# R/fregre.glm.vs.R In fda.usc: Functional Data Analysis and Utilities for Statistical Computing

#### Documented in fregre.glm.vs

#' @title Variable Selection using Functional Linear Models
#'
#' @description  Computes functional GLM model between functional covariates
#'  \eqn{(X^1(t_1),\cdots,X^{q}(t_q))}{(X(t_1),...,X(t_q))} and non functional covariates
#'   \eqn{(Z^1,...,Z^p)}{(Z1,...,Zp)} with a scalar response \eqn{Y}.
#' @details This function is an extension of the functional generalized spectral additive
#' regression models: \code{\link{fregre.glm}} where the \eqn{E[Y|X,Z]} is related to the
#' linear prediction \eqn{\eta} via a link function \eqn{g(\cdot)}{g(.)}.

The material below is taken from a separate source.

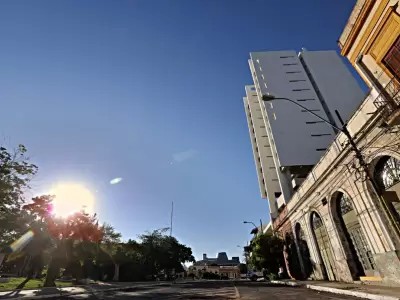 Domingo con clima fresco a cálido y cielo parcialmente nublado en Asunción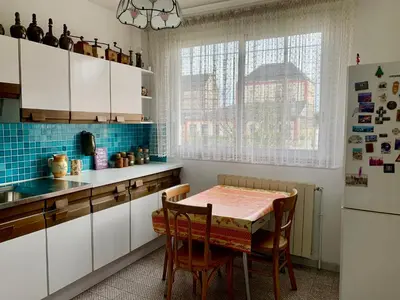 Cuisine ou kitchenette dans l'établissement Maison familiale avec jardin proche Rouen centre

#' \deqn{E[Y|X,Z]=\eta=g^{-1}(\alpha+\sum_{j=1}^{p}\beta_{j}Z^{j}+\sum_{k=1}^{q}\frac{1}{\sqrt{T_k}}\int_{T_k}{X^{k}(t)\beta_{k}(t)dt})}{E[Y|X,Z]=
#' \eta = g^{-1}(\alpha + \sum \beta_j Z_j+\sum < X_k(t) , \beta_k(t) >)}
#'
#' where \eqn{Z=\left[ Z^1,\cdots,Z^p \right]}{ Z = [Z_1 ,..., Z_p]} are the
#' non functional covariates and \eqn{X(t)=\left[ X^{1}(t_1),\cdots,X^{q}(t_q)
#' \right]}{X(t) = [ X_1(t_1) ,..., X_q(t_q)]} are the functional ones.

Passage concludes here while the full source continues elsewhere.